A part of the test to become a naturalised United States citizen has become significantly more challenging under the Trump administration. In an official notice by the US Citizenship and Immigration Services (USCIS), new rules will affect applicants who submitted their applications on or after October 20, 2025. The updates increase the number of civics questions, raise the passing score and introduce a provision allowing tests to end early.
The USCIS explained that the changes aim to ensure applicants fully understand US civics, including the Constitution, laws, history and principles of government. The agency said the revisions also promote a “unified American identity and attachment to the Constitution, laws and founding principles of the United States”.
What are the new changes?
Under the new rules, applicants must answer 20 civics questions instead of 10, with a minimum of 12 correct answers required to pass. This is double the previous passing score of six. USCIS has instructed administrators to end the tests immediately if an applicant either answers 12 questions correctly or gets nine wrong.
The total question pool has increased from 100 to 128. The topics covered will now include the US Constitution, the roles of Congress and the President, key moments in US history, the Declaration of Independence, original US states, national holidays and pre-European inhabitants of America.
Who all will be impacted by the revisions?

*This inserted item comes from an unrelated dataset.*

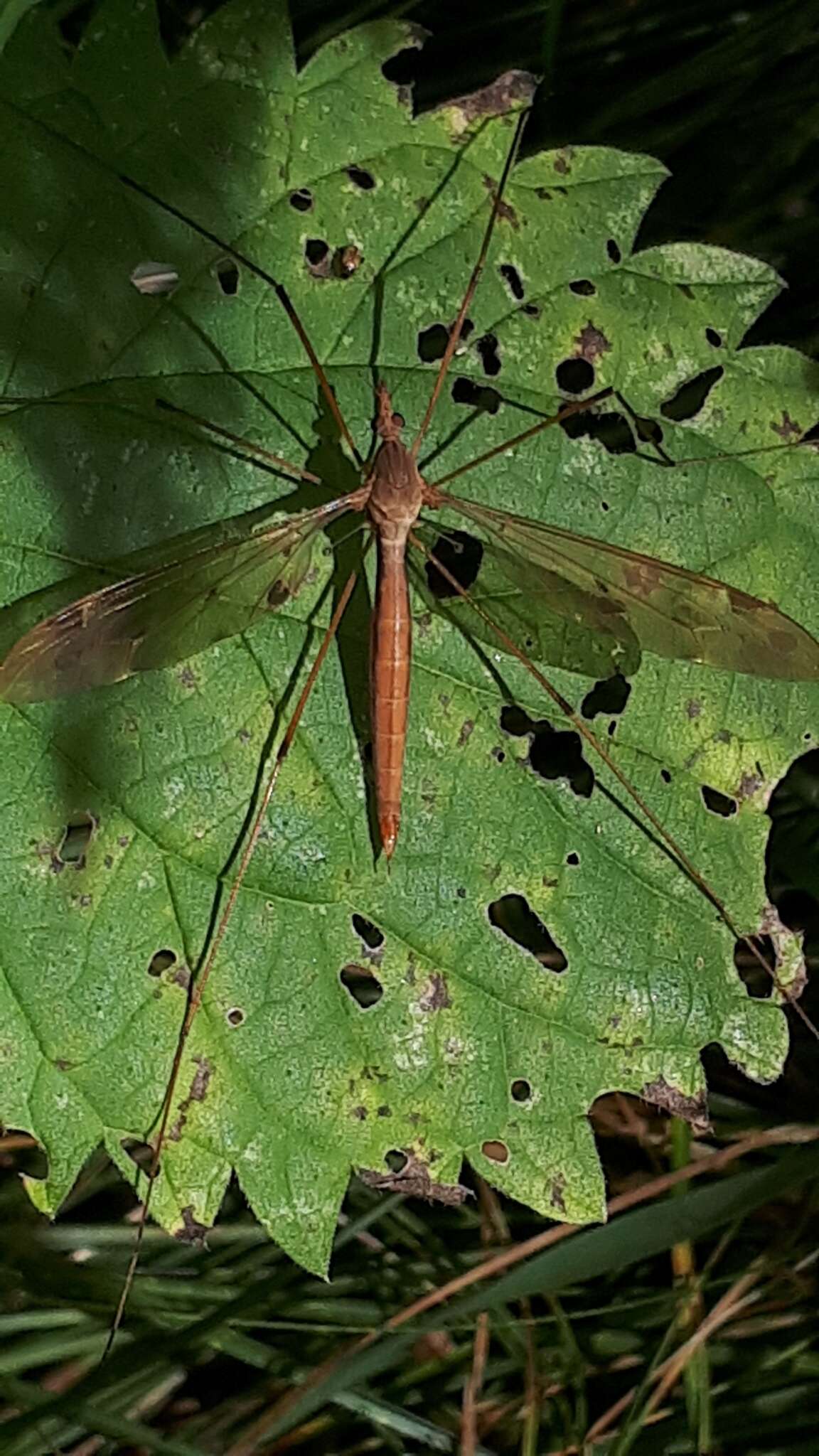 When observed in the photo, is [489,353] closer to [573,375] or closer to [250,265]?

Applicants who filed before October 20, will still take the older 2008 version of the test. Certain applicants aged 65 or older with at least 20 years as lawful permanent residents may take a simplified 10-question version drawn from either the 2008 or 2025 question banks. English proficiency, including reading, writing, speaking and comprehension will remain a mandatory component of the naturalisation process.
In an interview last month with the Centre for Immigration Studies, USCIS director Joseph Edlow explained that the previous test was “just too easy” to pass. “We need to make it a little bit more challenging. We’ve got to make sure that people are actually understanding what it means to be a US citizen, what it means to get that benefit,” he had said.